Editor's note: Through the changing seasons and her father's illness, Hallie wishes for her father's recovery and a china doll from a store window.
Winter came early to the mountain that year. Before Thanksgiving was past, the snows had come, drifting to the top of Hallie and Papa's home, blocking off windows. It became so dark inside that they could barely see the checkers spread out in front of them. Then came the influenza that carried off so many neighbors to lie beside Mama in the graveyard. Papa, too, fell ill and lay feverish in bed, unable to speak for the coughing. Hallie did the best she could to care for him. When it was not enough, she went to town for Aunt Belle.
Aunt Belle brought medicines and a special quilt for Papa and settled in with Hallie. Snow again came softly to the mountain, as Papa tossed feverishly on his bed.
As Christmas approached, Hallie walked out on the mountain path alone. There, among the snow-covered wishing stones, she stood and thought about Papa. And she thought about her wishes and about Avery, her doll. She knew she couldn't have Avery for herself, with Papa so sick. But oh, she wished Avery wasn't as lonely as she.
Nights on the mountain became colder and longer as Christmas approached, a Christmas without dreams or wishes. And on Christmas morning, there were no oranges.
December gave way to January and January to February, and winter once again was melting into spring. Papa didn't cough so much, although he still lay in his bed. Some days Hallie even thought she heard him whisper to Aunt Belle. Without Papa to walk with her on the mountain, though, Hallie closed her eyes and ears to the coming spring, to the blooming of the cottonwood tree, to the rumbling of the stream high above, to the coyote pups tumbling in and out of moon shadows. But try as she might, she could not close her heart to her secret wish.
And then, on warm March morning when she awoke, there on her bed was Avery.
No, it could not be Avery, this softly stuffed, beautiful doll. Avery lived in Grover's store.
Hallie closed her eyes.
Dreaming, that's was she was doing. She kept her eyes closed, pretending to herself that she was sleeping. Then slowly she pretended to wake herself and again slowly opened her eyes.

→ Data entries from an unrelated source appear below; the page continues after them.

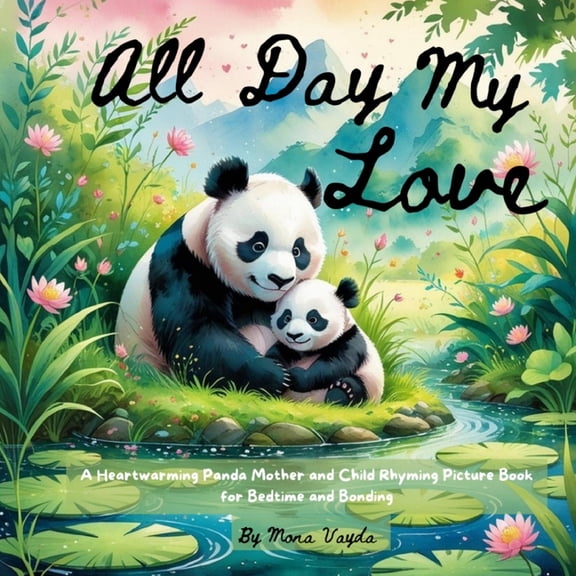 All Day, My Love: A Heartwarming Panda Mother and Child Rhyming Picture Book for Bedtime and Bonding, (Paperback)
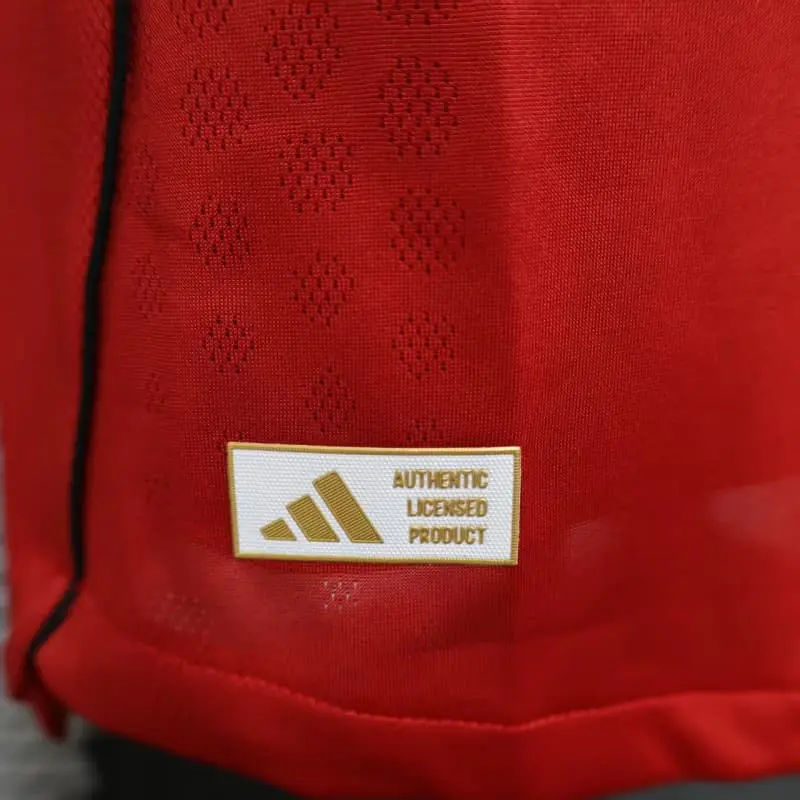 Camiseta Manchester United 2025/2026 Home ML Rojo (EDICIÓN JUGADOR)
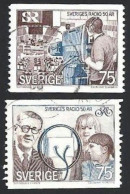 Schweden, 1974, Michel-Nr. 889-890, Gestempelt - Usati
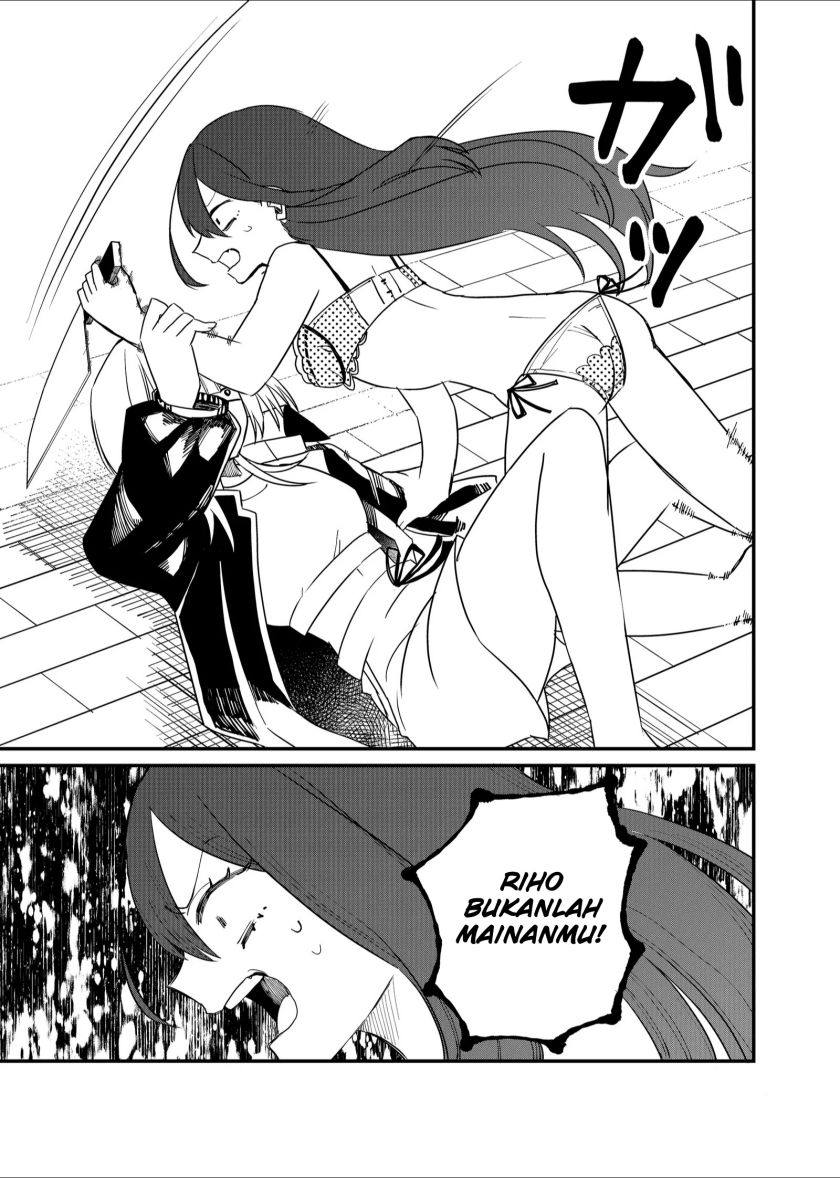 Halaman 13 dari Shihai Shoujo Kubaru-chan Chapter 17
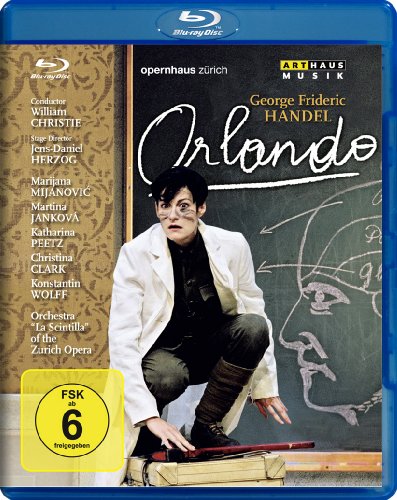 Cover image : ヘンデル:歌劇「オルランド」 [Blu-ray]
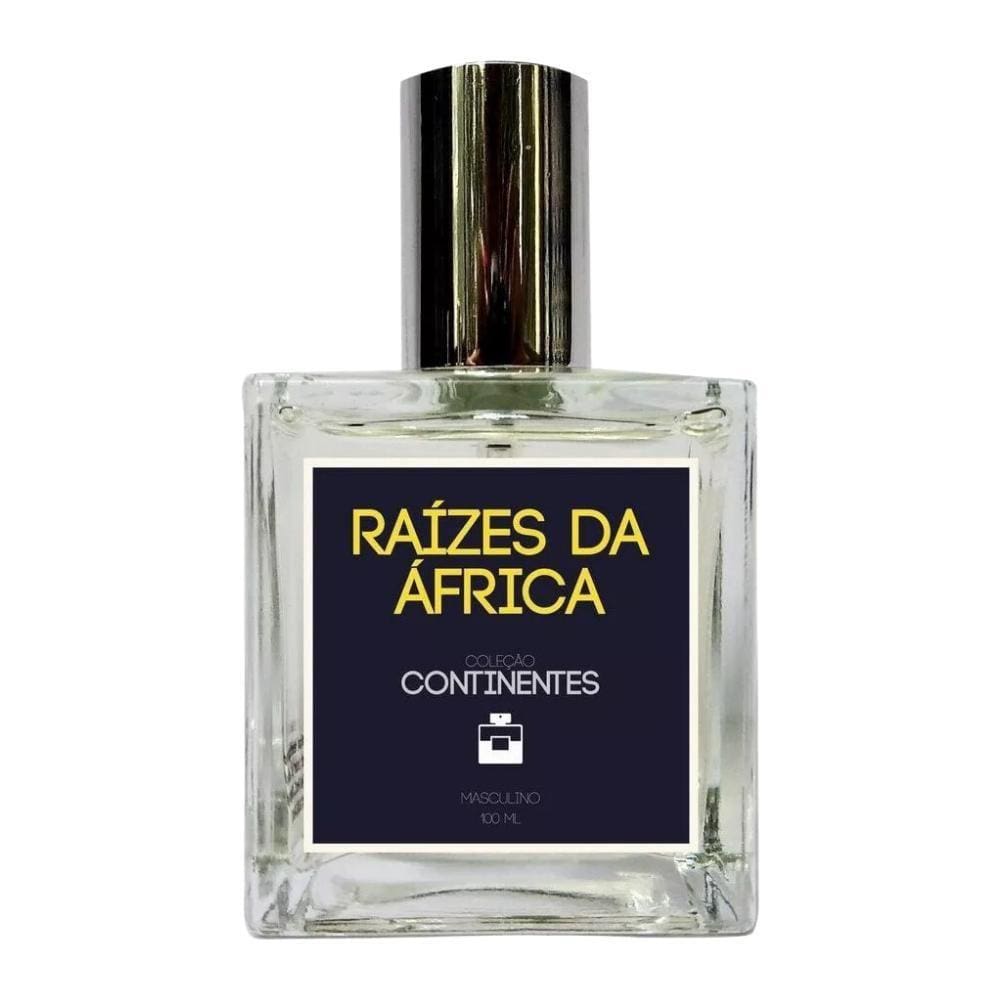 Perfume Masculino Raízes Da África 100Ml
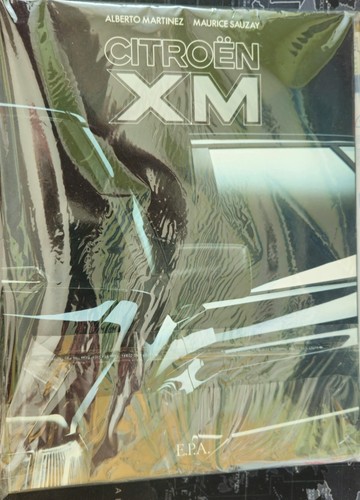 Bildband citroën ovp - citroën, xm
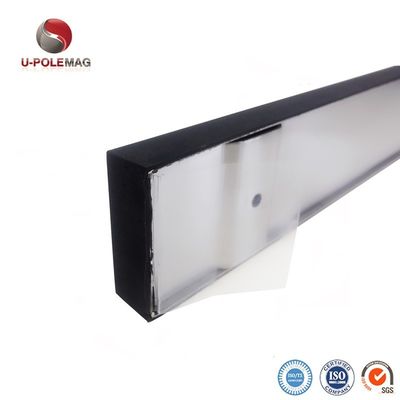 Faixa de faca de silicone preto com força magnética de tração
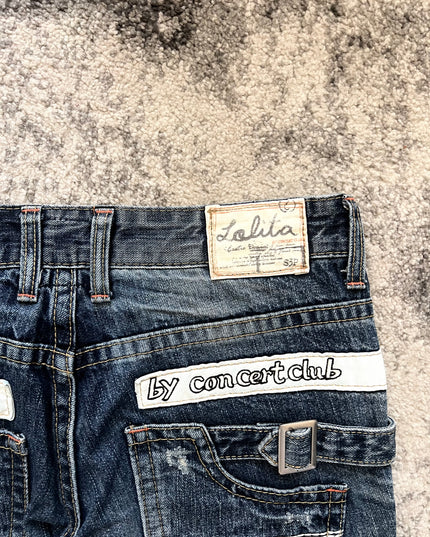 LOLITA WASHED DENIM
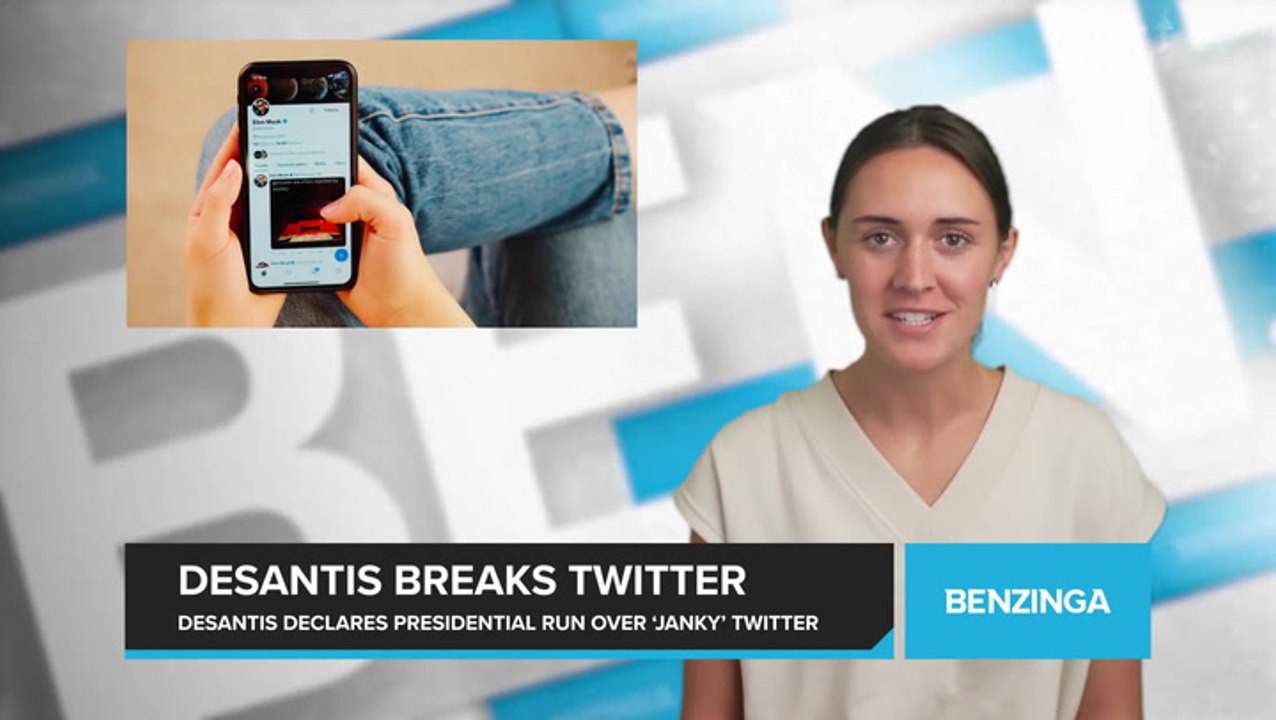 DeSantis Breaks Twitter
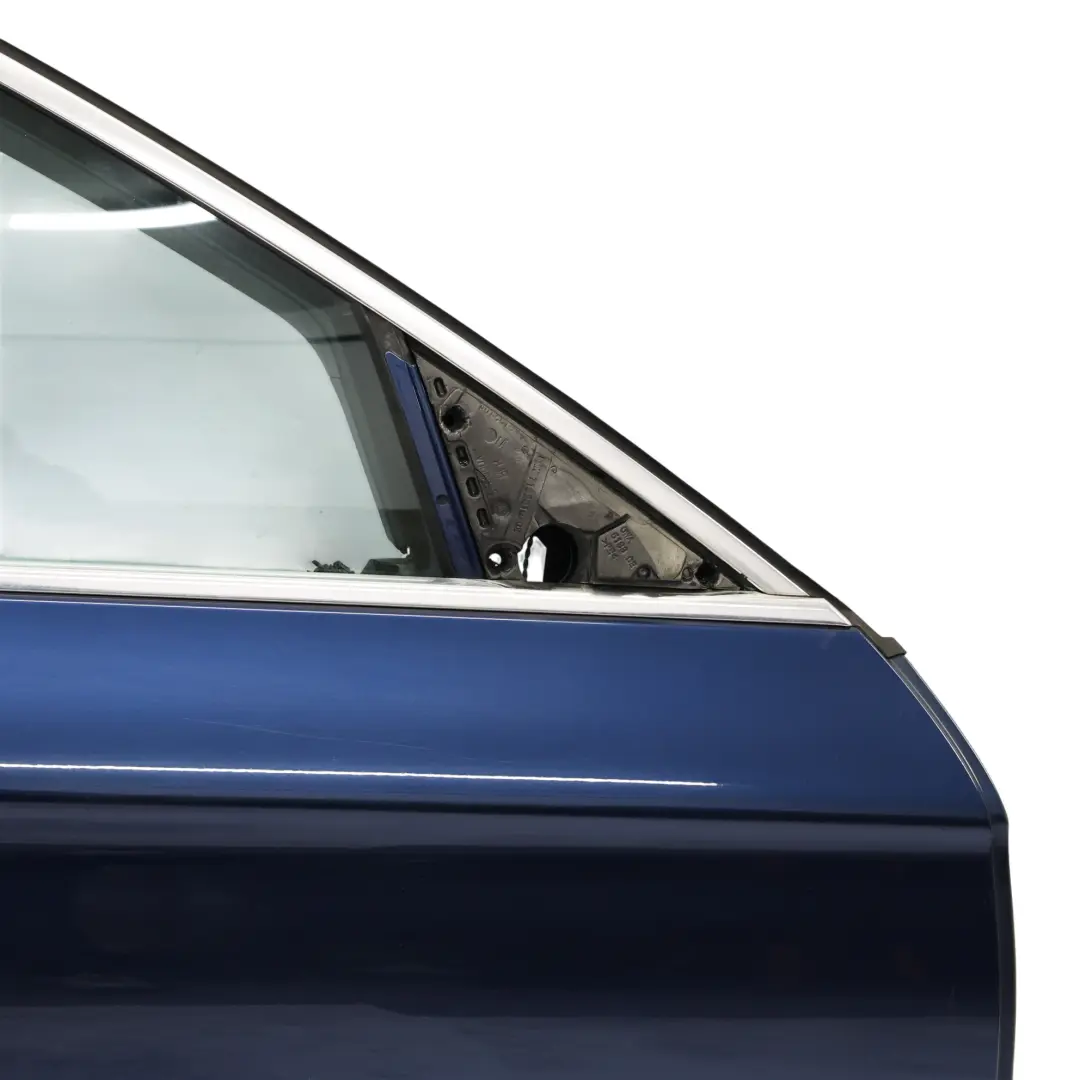 BMW F10 F11 Porte Avant Droite Tiefseeblau Deep Sea Blue Metallic - A76 - SKU 7206108-DSB1 - Numéro de pièce 7206108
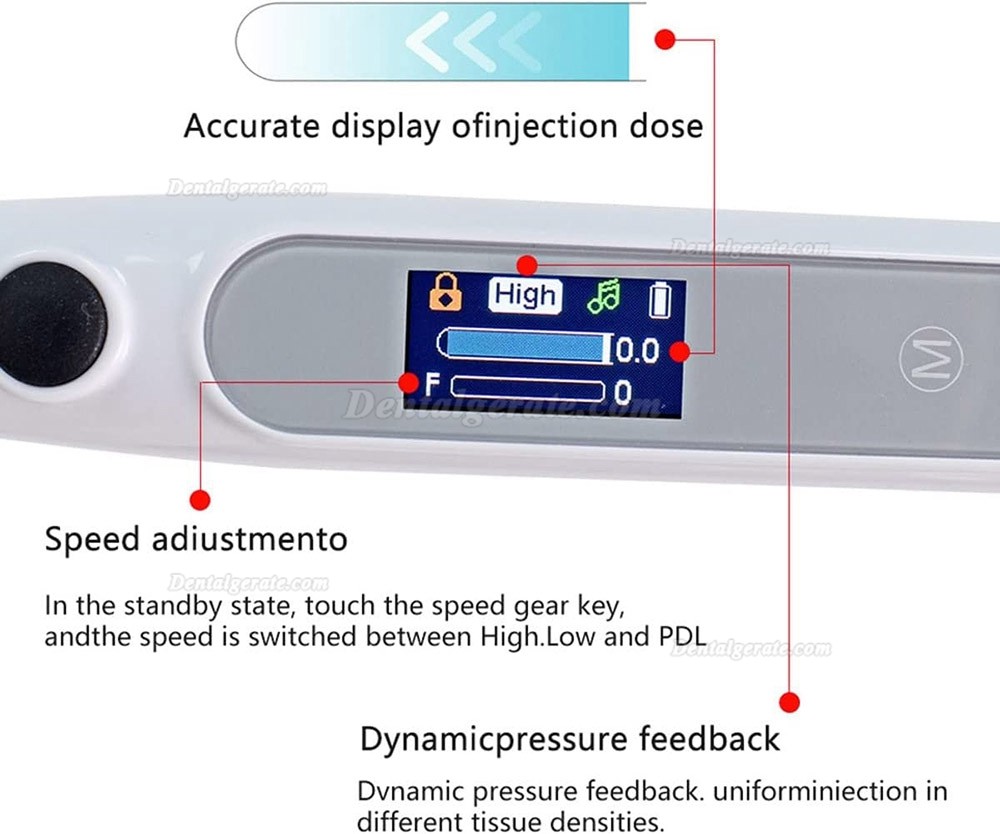Elektrisches Zahnan&auml;sthesieger&auml;t Schmerzloser Digitale An&auml;sthesiestift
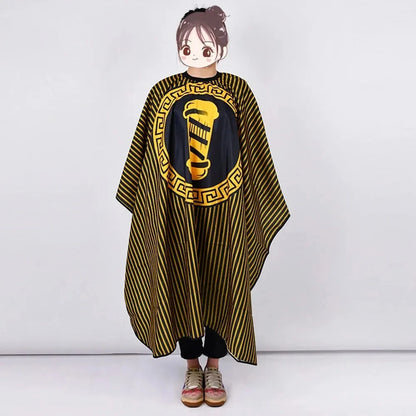 Hairdressing Apron Hair Cutting Cape Gown Salon Barber Hair Cutting Dye Hair Apron Salon Styling Cloth Hair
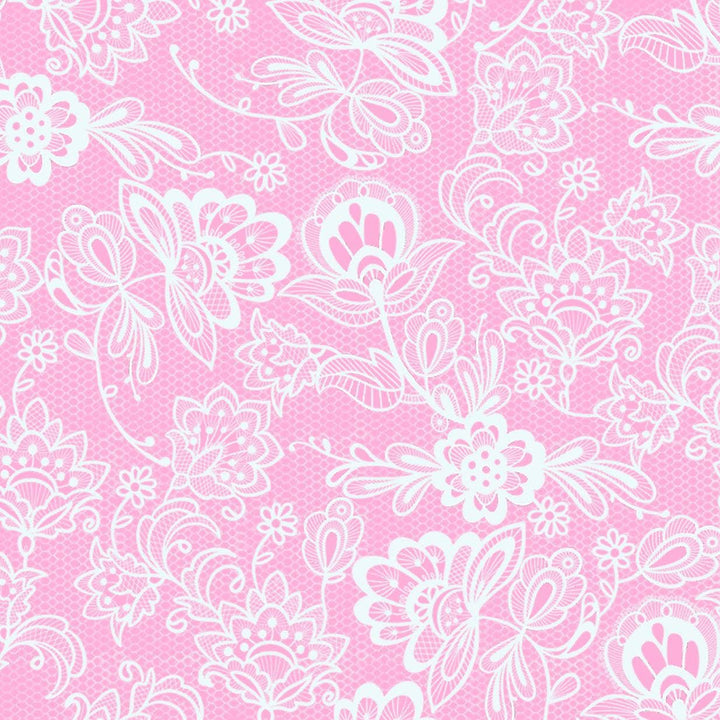 Bamboo Baby Convertible Ruffle Zipper Pajama Pink Lace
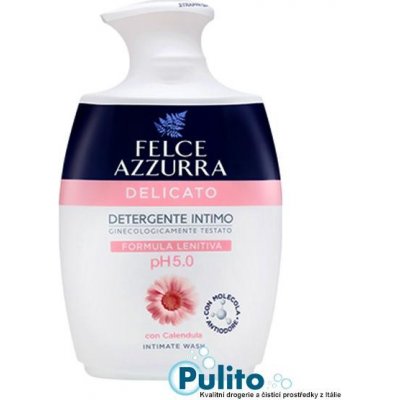 Felce Azzurra Intimo Delicato zklidňující intimní gel 250 ml – Hledejceny.cz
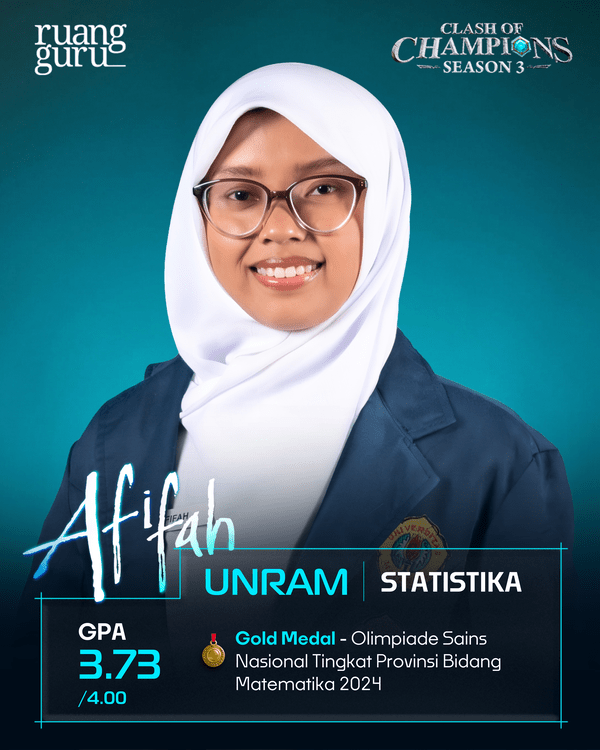 Profil Afifah - Peserta COC Season 3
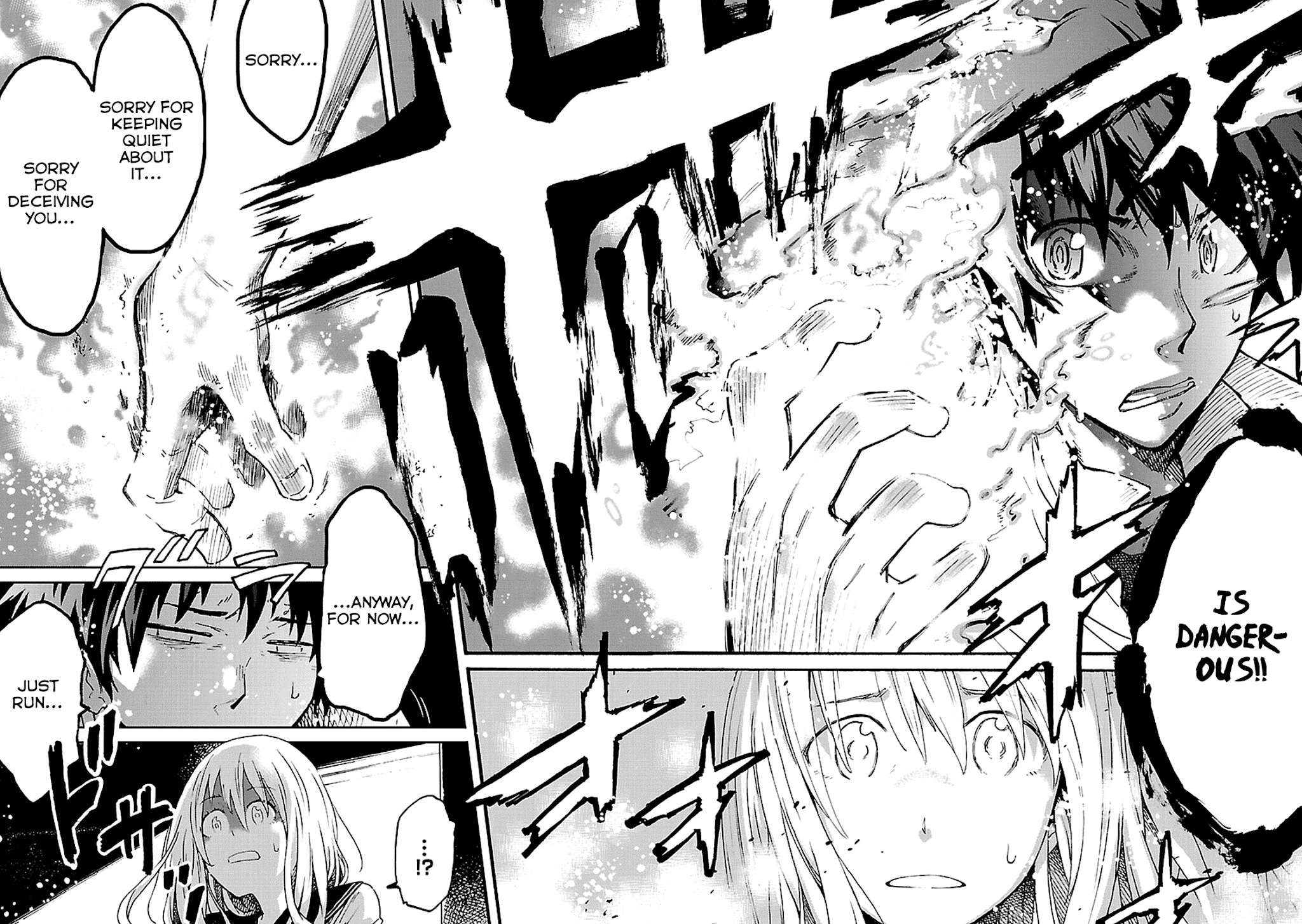 Haru no Houtai Shoujo Chapter 1 page 30 - Chapter 1: Haru and Natsu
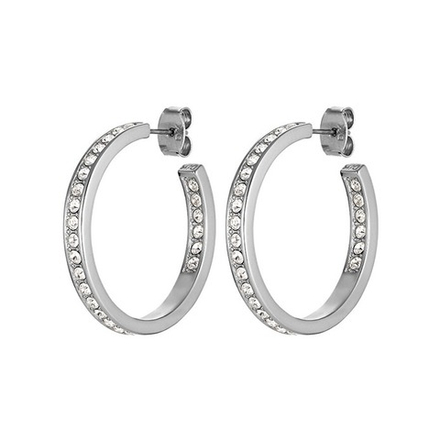 Серьги Dyrberg Kern JUSTINA SS CRYSTAL 420137 BW/S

Avery was still there. Avery with the real hair and the mouth that smiled at Hallie and beckoned her heart. Avery wearing a blue checked dress and wrapped in a brightly patterned quilt.
Hallie snatched Avery to her and held her close, Avery's soft woolen body warming quickly to her own.
"They knew!" Hallie whispered to Avery. "Papa and Aunt Belle. They knew my secret wish!"
Then, holding Avery tightly, Hallie ran to see Aunt Belle and Papa.
Aunt Belle just nodded. Papa was strong enough to take Hallie's hand and hold it tightly and to whisper, "Happy Birthday."
That night, as spring lay soft on the mountain, as the stars hung so low they seemed to tangle in the branches of the cottonwood tree, Hallie and Papa took Avery walking on Hairy Bear Mountain - not far, just to the wishing stone path, for Papa was still weak. Hallie showed Avery the deer that crept down from the mountain, pointed out to her the star flowers that bloomed only by moonlight. She turned Avery's face up and showed her the stars and told her about the rumbling stream up on the mountain, things Avery had never imagined in her life in the store window.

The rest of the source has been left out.